Directions for this task
A stretch of the entries below is to be set down exactly, running from the line with "Some of the" through the line with "Welcome to this", both included, and no other line.

Data records
=== Section Start ===

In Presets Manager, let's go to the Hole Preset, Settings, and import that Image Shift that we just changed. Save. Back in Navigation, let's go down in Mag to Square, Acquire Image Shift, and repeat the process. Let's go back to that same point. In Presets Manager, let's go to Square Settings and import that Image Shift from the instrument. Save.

=== Section End ===
=== Section Start ===

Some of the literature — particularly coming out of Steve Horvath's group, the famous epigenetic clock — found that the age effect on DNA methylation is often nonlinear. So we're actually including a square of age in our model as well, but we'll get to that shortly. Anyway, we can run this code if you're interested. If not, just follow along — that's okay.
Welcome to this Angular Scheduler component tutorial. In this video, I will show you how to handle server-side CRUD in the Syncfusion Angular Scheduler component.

=== Section End ===
=== Section Start ===

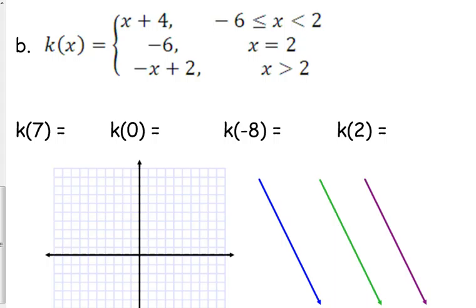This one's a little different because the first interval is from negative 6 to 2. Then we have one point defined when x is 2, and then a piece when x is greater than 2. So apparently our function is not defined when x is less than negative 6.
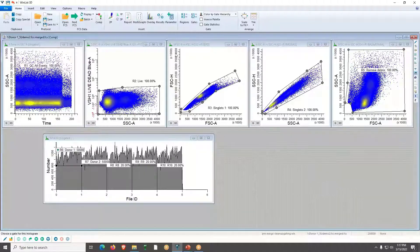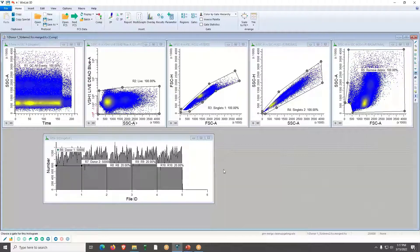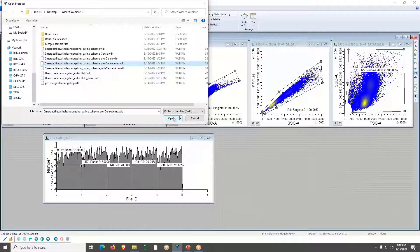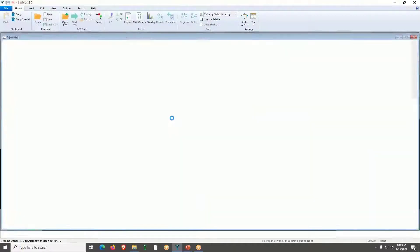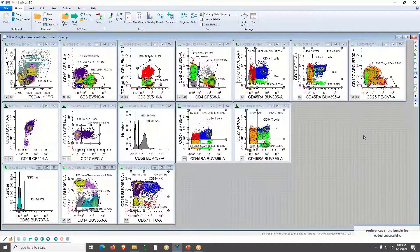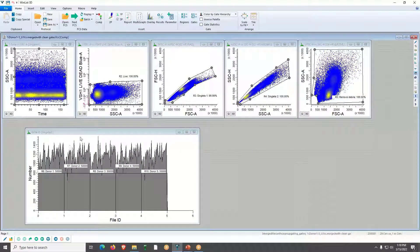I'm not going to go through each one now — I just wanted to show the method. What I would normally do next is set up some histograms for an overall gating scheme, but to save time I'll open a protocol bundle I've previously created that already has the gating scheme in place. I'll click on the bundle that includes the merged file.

=== Section End ===

Solution to this exercise
Some of the literature — particularly coming out of Steve Horvath's group, the famous epigenetic clock — found that the age effect on DNA methylation is often nonlinear. So we're actually including a square of age in our model as well, but we'll get to that shortly. Anyway, we can run this code if you're interested. If not, just follow along — that's okay.
Welcome to this Angular Scheduler component tutorial. In this video, I will show you how to handle server-side CRUD in the Syncfusion Angular Scheduler component.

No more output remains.